Its been a few weeks since I could run jobs all the time like I have been
the last few days. We're seeing all sorts of connection errors now as you
guys have been. We are also seeing a point as we scale out to more workers
where Netty just can't handle that many connections at once.  These Netty
improvements you've been working on have us in a transitional stage, I bet
as this levels off and little tweaks/bugfixes occur you will see most of
this go away. In Netty's original "raw form" on Giraph it was smooth
sailing in this department for us. The reliability improvements are
absolutely needed and are really great, I'm sure this down side will vanish
as those improvements settle in. In use here, Netty has proven previously
it can handle the scale orders of magnitude better than Hadoop RPC ever
did. Great work, don't give up!


On Fri, Aug 17, 2012 at 4:47 PM, Eli Reisman (JIRA) <ji...@apache.org> wrote:

>
>     [
> https://issues.apache.org/jira/browse/GIRAPH-304?page=com.atlassian.jira.plugin.system.issuetabpanels:comment-tabpanel&focusedCommentId=13437152#comment-13437152]
>
> Eli Reisman commented on GIRAPH-304:
> ------------------------------------
>
> We are routinely able to run 4 figures of workers here without problems,
> we see connection errors only after the netty buffers or worker memory in
> general got overwhelmed and crashed, and is trying to restart. Funny that
> you guys would get this error at such a low number of workers. How far into
> the job does this happen?
>
>
> > Closed channels between workers
> > -------------------------------
> >
> >                 Key: GIRAPH-304
> >                 URL: https://issues.apache.org/jira/browse/GIRAPH-304
> >             Project: Giraph
> >          Issue Type: Bug
> >            Reporter: Alessandro Presta
> >            Assignee: Alessandro Presta
> >
> > With GIRAPH-300 we are able to complete jobs with higher numbers of
> workers thanks to retrying failed connections.

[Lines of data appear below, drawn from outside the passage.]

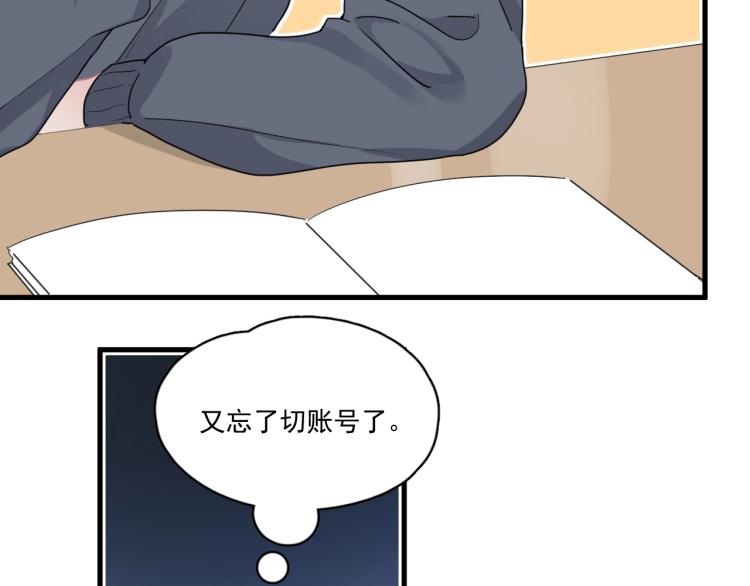 这题超纲了第一季漫画,第46话 淡淡的醋味？1图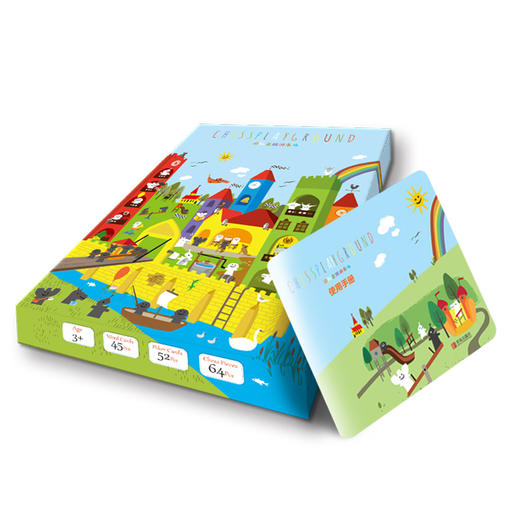 波尔加幼儿头脑思维训练全5册+《Chess Playground》（国际象棋游乐场） 商品图2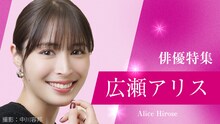 広瀬アリス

However, we still observe
> ClosedChannelException with more than a 100 workers.
> > The patch also introduces a default TCP backlog of 100, so we should
> probably set this dynamically to equal the number of workers instead.
>
> --
> This message is automatically generated by JIRA.
> If you think it was sent incorrectly, please contact your JIRA
> administrators:
> https://issues.apache.org/jira/secure/ContactAdministrators!default.jspa
> For more information on JIRA, see: http://www.atlassian.com/software/jira
>
>
>

[jira] [Commented] (GIRAPH-304) Closed channels between workers

Posted by "Avery Ching (JIRA)" <ji...@apache.org>.
    [ https://issues.apache.org/jira/browse/GIRAPH-304?page=com.atlassian.jira.plugin.system.issuetabpanels:comment-tabpanel&focusedCommentId=13437638#comment-13437638 ] 

Avery Ching commented on GIRAPH-304:
------------------------------------

Alessandro, I don't see a patch.

Eli, I don't think our network is as reliable as yours =).  We get all kinds of errors.
                
> Closed channels between workers
> -------------------------------
>
>                 Key: GIRAPH-304
>                 URL: https://issues.apache.org/jira/browse/GIRAPH-304
>             Project: Giraph
>          Issue Type: Bug
>            Reporter: Alessandro Presta
>            Assignee: Alessandro Presta
>
> With GIRAPH-300 we are able to complete jobs with higher numbers of workers thanks to retrying failed connections. However, we still observe ClosedChannelException with more than a 100 workers.
> The patch also introduces a default TCP backlog of 100, so we should probably set this dynamically to equal the number of workers instead.

--
This message is automatically generated by JIRA.
If you think it was sent incorrectly, please contact your JIRA administrators: https://issues.apache.org/jira/secure/ContactAdministrators!default.jspa
For more information on JIRA, see: http://www.atlassian.com/software/jira

        

[jira] [Commented] (GIRAPH-304) Closed channels between workers

Posted by "Eli Reisman (JIRA)" <ji...@apache.org>.
    [ https://issues.apache.org/jira/browse/GIRAPH-304?page=com.atlassian.jira.plugin.system.issuetabpanels:comment-tabpanel&focusedCommentId=13454592#comment-13454592 ] 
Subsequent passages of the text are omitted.